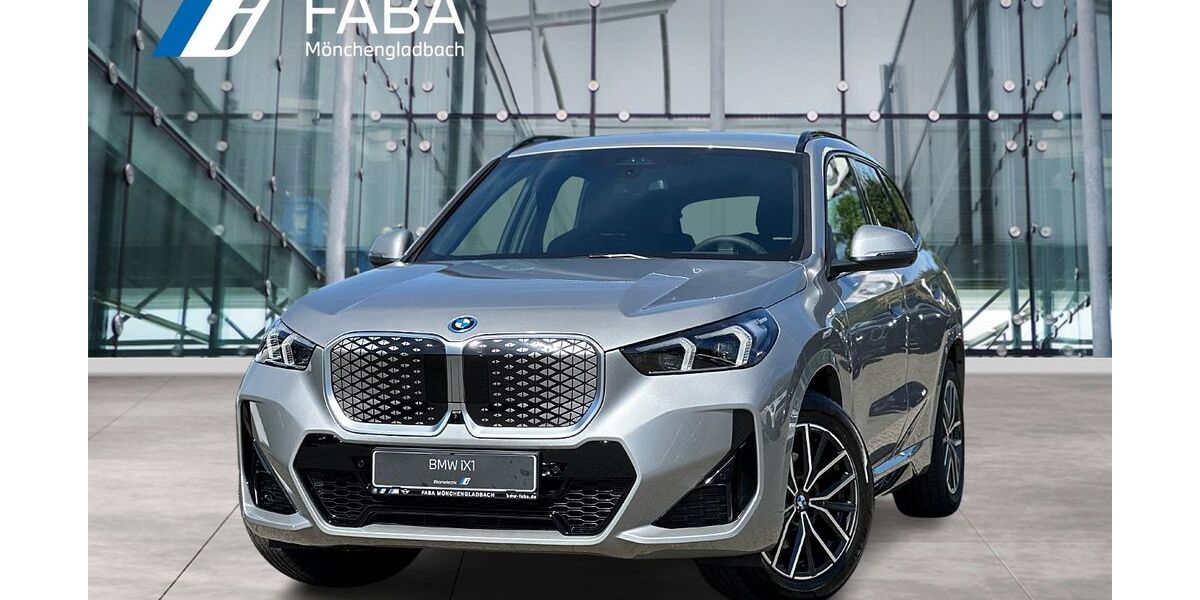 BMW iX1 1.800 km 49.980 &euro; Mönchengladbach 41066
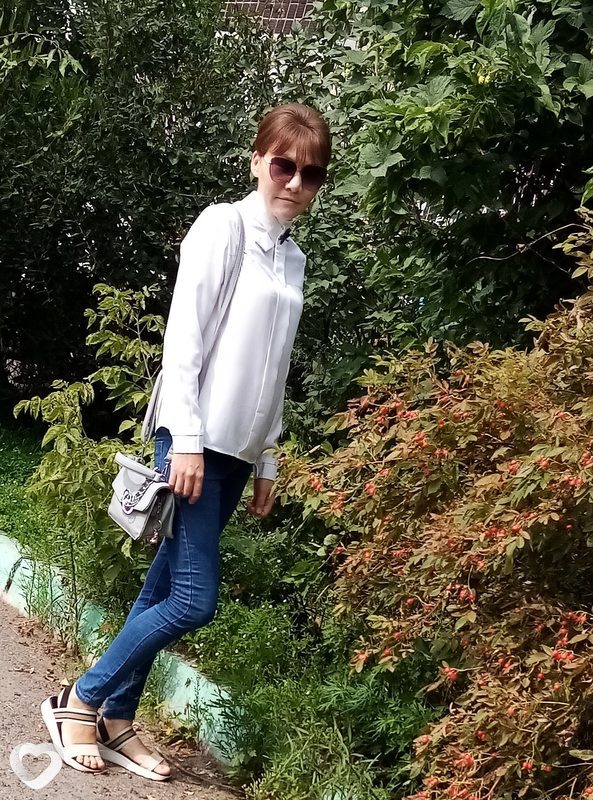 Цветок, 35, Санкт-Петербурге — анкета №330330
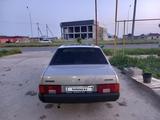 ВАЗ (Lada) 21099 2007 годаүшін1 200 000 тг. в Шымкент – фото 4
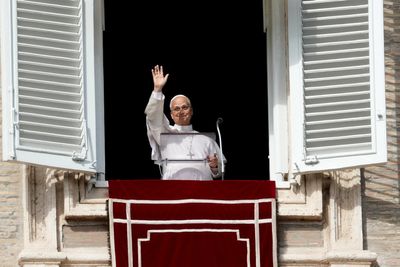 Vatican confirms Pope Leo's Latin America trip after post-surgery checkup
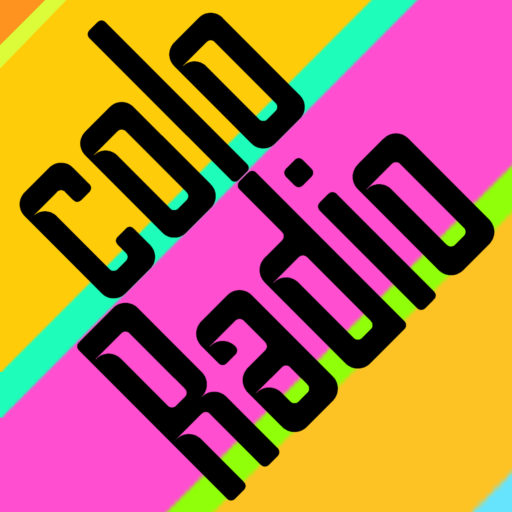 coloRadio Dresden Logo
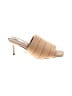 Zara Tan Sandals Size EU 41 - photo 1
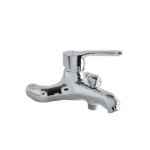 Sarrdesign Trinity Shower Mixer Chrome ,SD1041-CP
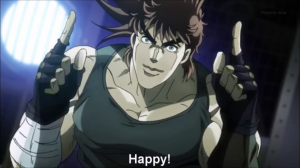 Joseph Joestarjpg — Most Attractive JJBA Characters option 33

[Your assignment] Retyping should start at the first line of the data above and stop after the line with "Zara Tan Sandals Size EU 41 - photo 1", and no picture should be included.

[Problem solution]
 BMW iX1 1.800 km 49.980 &euro; Mönchengladbach 41066
 Цветок, 35, Санкт-Петербурге — анкета №330330
 ВАЗ (Lada) 21099 2007 годаүшін1 200 000 тг. в Шымкент – фото 4
 Vatican confirms Pope Leo's Latin America trip after post-surgery checkup
 coloRadio Dresden Logo
 Zara Tan Sandals Size EU 41 - photo 1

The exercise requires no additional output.